A couple of years ago, I received a call from an agency regarding an interpreting assignment in Greenville.  When I arrived at the facility, the nurse case manager indignantly asked me who I was and why was I there instead of the interpreter she requested.  I introduced myself and explained that an agency contracted me.

To make matters worse, the case manager was then informed by the agency that the patient would not arrive to the appointment because he was not home to be picked up.  Hastily, the case manager called the patient to find out what was going on.  The patient explained that his interpreter informed him the appointment was canceled, therefore the patient went to visit a neighbor.  At the urging of the case manager, the patient immediately raced from Greenwood to Greenville, about an hour away.

Meanwhile, the case manager called the interpreter to find out why he canceled the appointment. The interpreter stated that the agency notified him that it was canceled.  At once, the case manager called the agency to find out if that was true.  Eventually, a woman at the agency confirmed that indeed the other interpreter was told it was canceled, instead of just advising the interpreter that the agency was not going to pay the extra mileage.

This deception caused the interpreter to unwittingly mislead the patient about his appointment.  The case manager was also upset that the agency did not inform her from the beginning that it would not pay her interpreter’s mileage.  No one likes negative surprises.

No company can always provide everything the client wants.  It is much better to be upfront about these matters instead of resorting to deception that will ultimately lead to complications and mistrust.

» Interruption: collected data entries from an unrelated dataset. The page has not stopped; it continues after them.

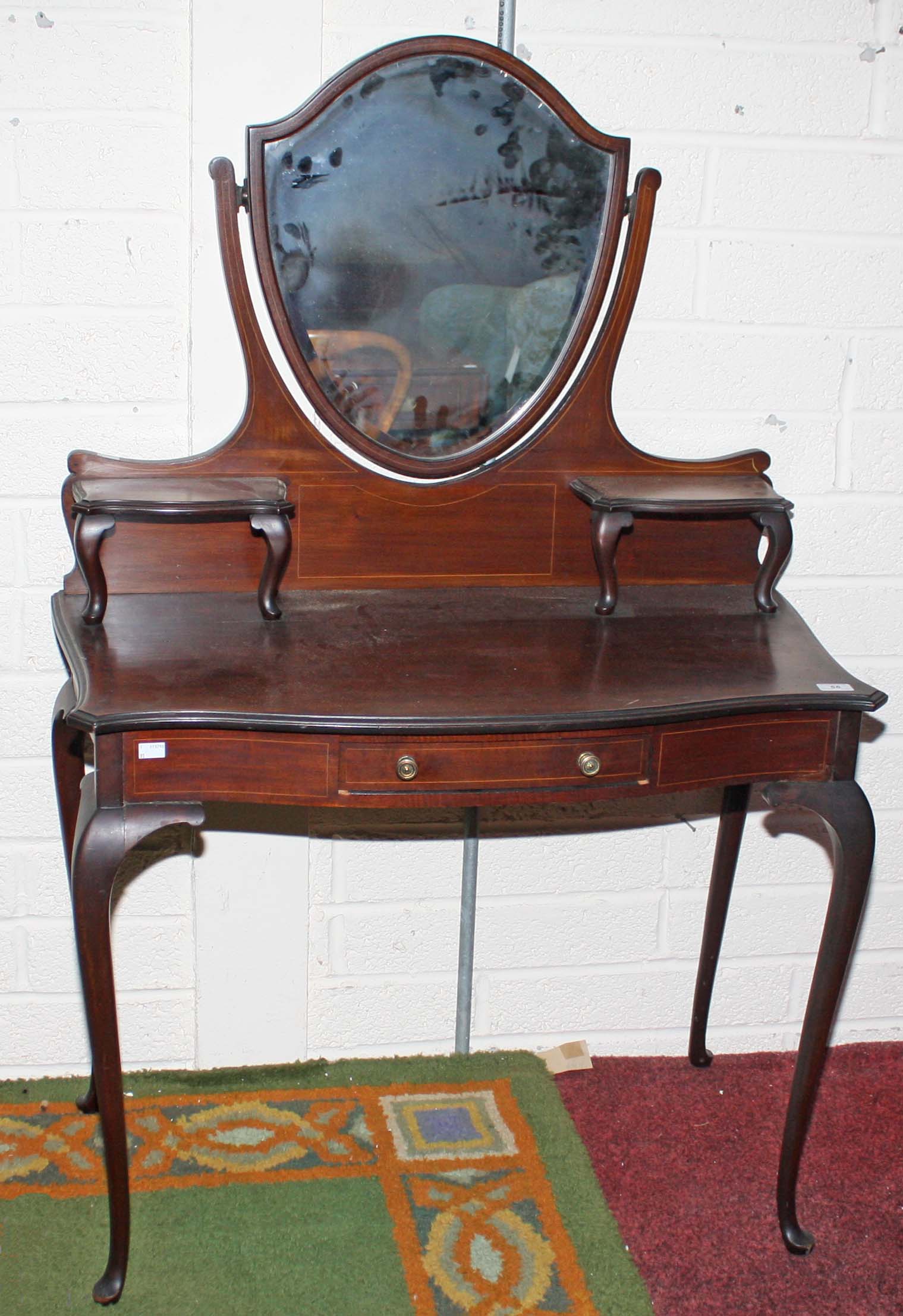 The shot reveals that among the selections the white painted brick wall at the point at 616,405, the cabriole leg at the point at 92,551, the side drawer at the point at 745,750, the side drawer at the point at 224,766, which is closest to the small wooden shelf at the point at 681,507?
the white painted brick wall at the point at 616,405

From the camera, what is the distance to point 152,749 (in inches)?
62.3

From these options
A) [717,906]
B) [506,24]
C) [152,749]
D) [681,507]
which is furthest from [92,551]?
[717,906]

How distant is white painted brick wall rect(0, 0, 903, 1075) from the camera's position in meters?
1.91

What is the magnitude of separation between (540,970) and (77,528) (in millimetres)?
1136

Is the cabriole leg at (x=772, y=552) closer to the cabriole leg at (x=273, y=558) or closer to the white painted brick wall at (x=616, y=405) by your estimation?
the white painted brick wall at (x=616, y=405)

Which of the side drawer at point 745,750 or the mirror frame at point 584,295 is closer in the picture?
the side drawer at point 745,750

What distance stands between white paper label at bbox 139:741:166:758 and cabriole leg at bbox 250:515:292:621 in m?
0.35

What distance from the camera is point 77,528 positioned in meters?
1.81

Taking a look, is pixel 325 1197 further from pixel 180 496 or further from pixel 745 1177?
pixel 180 496

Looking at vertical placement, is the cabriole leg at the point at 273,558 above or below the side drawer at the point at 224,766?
above

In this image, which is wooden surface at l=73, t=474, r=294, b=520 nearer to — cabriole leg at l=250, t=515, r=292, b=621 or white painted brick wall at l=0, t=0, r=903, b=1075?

Obviously the interpreter would have been upset if the agency were to tell him he was being replaced due to distance and cost.  Nevertheless he would have understood and would not have passed the deception on to the patient.  The same applies to the case manager.  She may have been dismayed, but she would have been aware.  Being kept in the dark is never a good thing for the person responsible for coordinating the patient’s medical treatment.

I know this is a huge cliché, but honesty really is the best and only policy.